This seminar examines material forms and their uses in American history, encompassing artifacts, the built environment, and domestic and public spaces, with emphasis on both scholarship and the field of public history. Using readings covering a wide range of time periods and topics in United States history, we will discuss the development of material culture studies, methodologies of material culture; and artifacts as sources for historians. We will also examine interpretation of objects in settings such as museums and historic sites and the impact of digital technologies such as Object VR photography. Options for projects will include object studies and/or historiographical essays. This course fulfills an elective requirement for public history, but all graduate students are welcome.

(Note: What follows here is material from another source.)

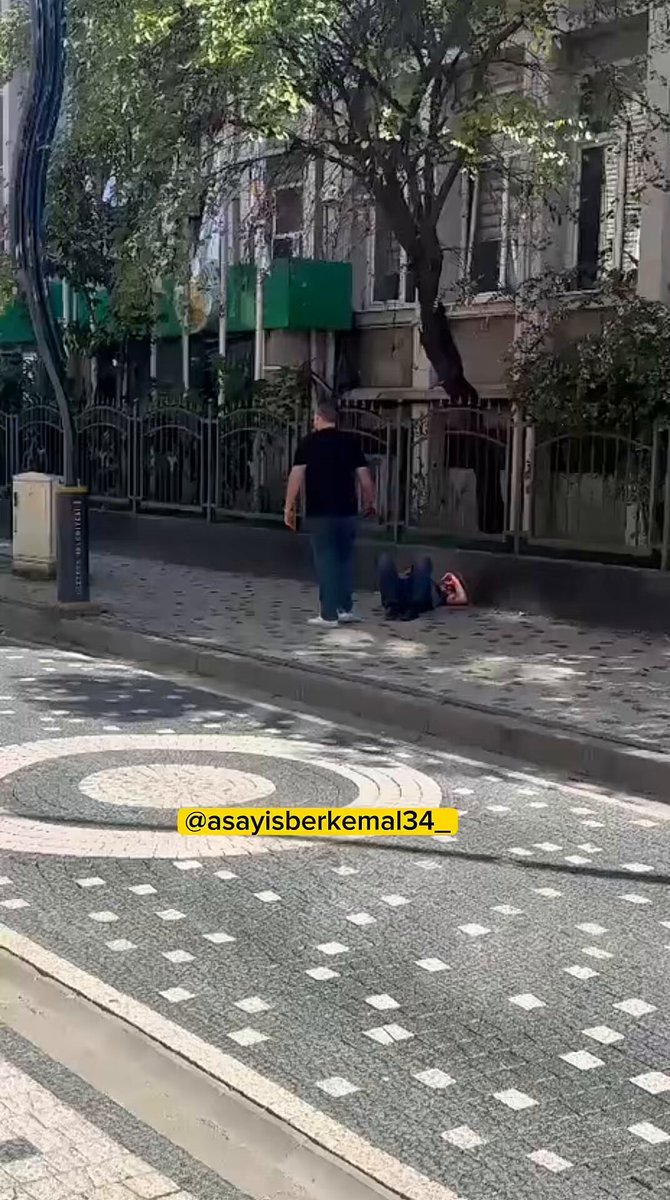 Giresun'da Ev Satışında Kanlı Son: Müteahhit Sokak Ortasında Bıçaklandı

Your assignment for the first class, on Wednesday, January 17, will be several articles that will be posted on the course Sakai site the week before school begins.  Students will receive announcements when the articles are posted and when the syllabus is ready.

Please also obtain these books:

  • Deetz, In Small Things Forgotten (Penguin/Knopf-Doubleday) – make sure to get the 1996 edition.
  • Prown, American Artifacts (Michigan State University Press)
  • Lanier, Everyday Architecture of the Mid-Atlantic: Looking at Buildings and Landscapes (Johns Hopkins University Press)
  • Breen, Marketplace of Revolution (Oxford University Press)
  • LaRoche, Free Black Communities and the Underground Railroad (University of Illinois Press).
  • Ulrich, The Age of Homespun (Penguin/Knopf-Doubleday)
  • Ames, Death in the Dining Room and Other Tales of Victorian Culture (Temple University Press)

These books deal primarily with material culture in the eighteenth and nineteenth centuries, and we will probably read them in approximately the same order listed above.  This will take us through about half the semester, and we will decide together how to proceed with projects and additional reading for the remaining weeks.

Other classes for spring:

Public History Practice – Books will be available in the MARCH library for use in the center.

Topics in Historic Preservation – Individualized graduate-level reading and project plans will be worked out at the beginning of the spring semester.  You will also attend and fulfill all the requirements of a 10-week MARCH historic preservation course taught by a professional in the field.